Activity: Leaving out every line that comes before the one containing "this 1338×896 image.", output the rest of the records exactly, the final line included.

═════ Given records

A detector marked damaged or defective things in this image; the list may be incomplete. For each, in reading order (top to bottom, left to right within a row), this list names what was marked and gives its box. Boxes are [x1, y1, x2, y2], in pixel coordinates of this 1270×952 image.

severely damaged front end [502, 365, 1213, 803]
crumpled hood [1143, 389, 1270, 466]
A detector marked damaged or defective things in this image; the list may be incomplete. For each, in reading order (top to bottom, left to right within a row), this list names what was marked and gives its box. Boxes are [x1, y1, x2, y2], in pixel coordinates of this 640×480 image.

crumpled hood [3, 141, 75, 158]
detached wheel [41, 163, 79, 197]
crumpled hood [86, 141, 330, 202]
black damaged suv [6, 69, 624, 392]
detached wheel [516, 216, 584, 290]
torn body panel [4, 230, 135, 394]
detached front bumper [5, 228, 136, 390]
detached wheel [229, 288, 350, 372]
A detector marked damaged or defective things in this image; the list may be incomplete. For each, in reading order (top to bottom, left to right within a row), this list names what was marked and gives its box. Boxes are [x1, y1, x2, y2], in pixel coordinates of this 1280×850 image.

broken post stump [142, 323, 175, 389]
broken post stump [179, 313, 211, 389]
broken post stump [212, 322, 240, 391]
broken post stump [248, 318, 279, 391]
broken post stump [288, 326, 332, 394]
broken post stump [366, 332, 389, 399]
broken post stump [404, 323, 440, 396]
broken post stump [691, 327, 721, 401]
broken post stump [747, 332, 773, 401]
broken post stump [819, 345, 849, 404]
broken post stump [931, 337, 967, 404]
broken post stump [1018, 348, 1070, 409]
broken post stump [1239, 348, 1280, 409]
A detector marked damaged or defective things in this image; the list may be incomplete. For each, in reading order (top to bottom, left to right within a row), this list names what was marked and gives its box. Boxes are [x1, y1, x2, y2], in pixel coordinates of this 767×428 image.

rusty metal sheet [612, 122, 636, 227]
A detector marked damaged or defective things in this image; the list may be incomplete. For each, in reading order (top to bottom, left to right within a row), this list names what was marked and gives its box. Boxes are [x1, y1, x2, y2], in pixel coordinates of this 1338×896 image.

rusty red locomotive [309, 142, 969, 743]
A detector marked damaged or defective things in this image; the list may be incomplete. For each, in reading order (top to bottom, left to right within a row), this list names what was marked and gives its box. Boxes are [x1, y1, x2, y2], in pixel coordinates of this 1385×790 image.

══════════

Your solution:
A detector marked damaged or defective things in this image; the list may be incomplete. For each, in reading order (top to bottom, left to right within a row), this list names what was marked and gives its box. Boxes are [x1, y1, x2, y2], in pixel coordinates of this 1338×896 image.

rusty red locomotive [309, 142, 969, 743]
A detector marked damaged or defective things in this image; the list may be incomplete. For each, in reading order (top to bottom, left to right within a row), this list names what was marked and gives its box. Boxes are [x1, y1, x2, y2], in pixel coordinates of this 1385×790 image.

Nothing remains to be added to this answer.